O evento foi tão significativo que se tornou um documentário, chamado ‘A Revolta do Buzu’. As mobilizações tiveram fim quando entidades estudantis tradicionais (como a UNE e a UJS) se colocaram como lideranças da revolta que não haviam iniciado e foram negociar com a prefeitura em sala fechada”. Fala-se, então, de uma espécie de traição feita por “entidades estudantis tradicionais”, coisa que também ajuda a entender a movimentação de agora, em sua recusa de velhas normas e canais.

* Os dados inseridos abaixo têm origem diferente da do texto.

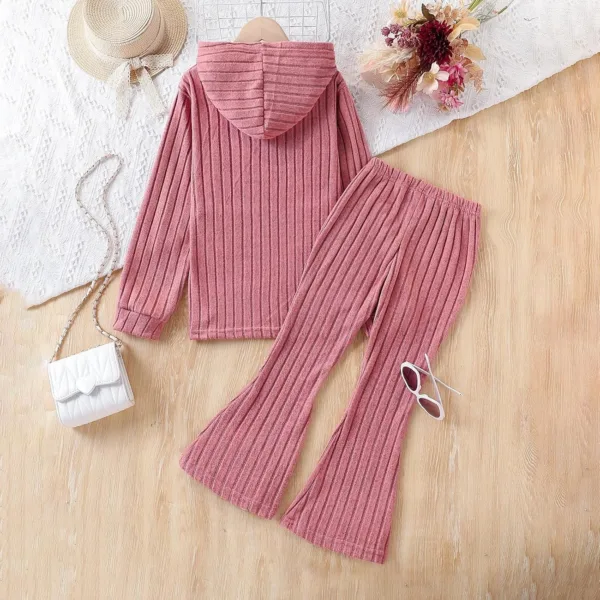 girls outfit hooded set 5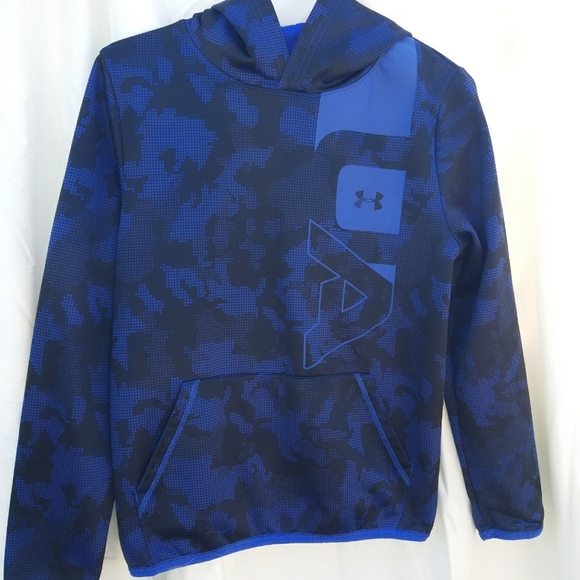 Under Armour Blue and Black Hoodie Youth Large - Picture 1 of 7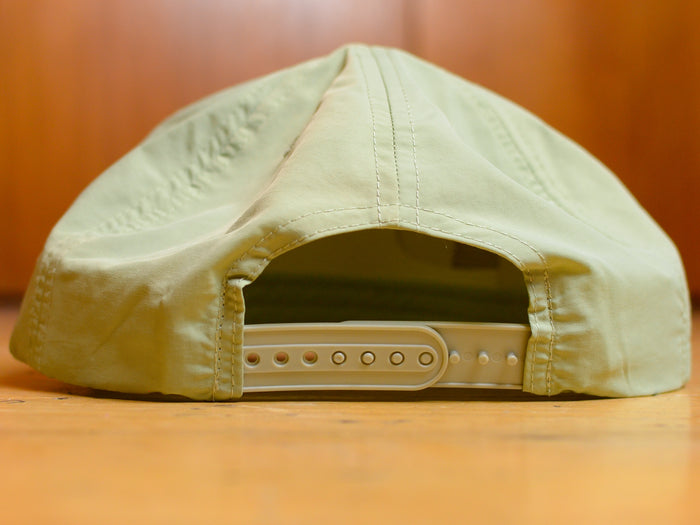 Daria Embroidered Nylon Snapback - Pistachio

Acho apenas ridículo quando me dizem que a garotada que luta contra o aumento da tarifa não precisa pegar ônibus ou metrô. É uma garotada classemediana, motorizada. Se isso é verdade, melhor ainda. Significa que a juventude brasileira de classe média está recuperando, enfim, sua noção de solidariedade, que parecia irremediavelmente perdida. Lembro então aos saudosistas que, na década de 1960, lutávamos até por reforma agrária.

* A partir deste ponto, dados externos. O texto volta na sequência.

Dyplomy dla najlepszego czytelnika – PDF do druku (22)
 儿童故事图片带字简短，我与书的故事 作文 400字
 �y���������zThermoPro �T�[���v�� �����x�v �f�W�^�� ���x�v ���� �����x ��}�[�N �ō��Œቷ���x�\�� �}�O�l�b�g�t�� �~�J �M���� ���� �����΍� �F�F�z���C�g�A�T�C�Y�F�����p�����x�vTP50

E nenhum de nós tinha sequer um palmo de terra fora dos muros da cidade. Eu costumava dar esse exemplo para falar de uma solidariedade que julgava não mais existir. E agora me vejo na feliz obrigação de retirar o que dizia. É simplesmente maravilhoso que jovens privilegiados lutem pelo direito de todos se moverem gratuitamente em nossos espaços urbanos.
Agora, que ninguém pense, também, que a grande questão nacional é o preço da passagem em nossos sistemas supostamente públicos de transporte. Não é. A insatisfação é bem mais generalizada. Talvez a gente possa falar de uma espécie de insatisfação difusa, disseminando-se pelo conjunto da sociedade. Uma insatisfação geral com o país depois das celebrações narcísicas do “take of” anunciado pela Economist em 2010.
É na pauta dessa insatisfação, de resto, que ouço a vaia em Dilma Rousseff no estádio Mané Garrinha, em Brasília, na abertura da Copa das Confederações. Claro que nós, brasileiros, sempre gostamos de vaiar autoridades. Há um desrecalque sociologizável nisso. Mas não foi só. A vaia em Dilma expressou uma reação de alta classe média contra a situação atual do país. Situação atual que também mobiliza o protesto de estudantes e trabalhadores, com apoio de donas de casa.
Continuamos com desigualdades sociais escandalosas. O fantasma da inflação ronda feiras e “supermercados”. O dinheiro é pouco. Mas há a enxurrada de milhões de reais na corrupção dos políticos. A gastança do governo. E o esbanjamento em função de uma Copa das Confederações que será seguida por uma Copa do Mundo.
Em Belo Horizonte, no dia de um jogo medíocre (Nigéria e Taiti), milhares de manifestantes tentam se aproximar do Mineirão, com balões amarelos, cartazes e faixas. Querem dinheiro para a saúde, por exemplo. Querem dinheiro para atender às necessidades básicas e reais da população.
Mas há mais. O Brasil parece querer uma nova hora e um novo senso do fazer político. José Dirceu percebeu isso, publicando artigo sobre o assunto. Diz ele que é hora dos governos do PT mudarem sua forma de se comunicar e se abrirem para novos projetos políticos. Mas se há uma coisa que essas manifestações deixam para trás são a ronda de fantasmas como Dirceu.
E se os governos se abrirem para as novas formas da política, que agora se esboçam nas ruas, vão ser subvertidos em todas as direções e até mesmo desde dentro. Haddad, por exemplo, vai ter de ser um outro cara em São Paulo e não o prefeito canônico e tradicional que tem sido até aqui.
Mas vamos ampliar o foco. O Brasil, hoje, parece um país triplamente acomodado. Acomodado, no âmbito governamental. Acomodado, no terreno de sua oposição política. Acomodado, no conjunto da sociedade. “Acomodado” no sentido da carência de uma nova visão estratégica e de projetos correspondentes.
É preciso reencontrar o rumo da transformação. E quem sabe essa meninada nas ruas nos ajude a fazer isso: a recuperar a ambição nacional, no sentido mesmo do clichê de ser um país menos injusto e que possa se ver como nação plena.